#### [Your objective]
Go to the line in the entries below that holds "The post-construction cleanup" and repeat exactly from there through the line that holds "Holiday white mousse", inclusive.

#### [Data excerpts]
★ ★ ★ ★ ★ ★ ★

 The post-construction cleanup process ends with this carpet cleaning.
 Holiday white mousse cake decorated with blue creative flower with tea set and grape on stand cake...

★ ★ ★ ★ ★ ★ ★

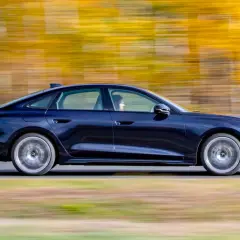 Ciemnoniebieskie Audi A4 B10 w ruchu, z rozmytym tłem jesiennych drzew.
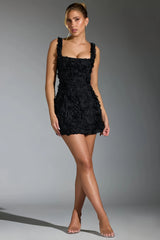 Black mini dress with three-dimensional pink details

★ ★ ★ ★ ★ ★ ★

#### [Task answer]
 The post-construction cleanup process ends with this carpet cleaning.
 Holiday white mousse cake decorated with blue creative flower with tea set and grape on stand cake...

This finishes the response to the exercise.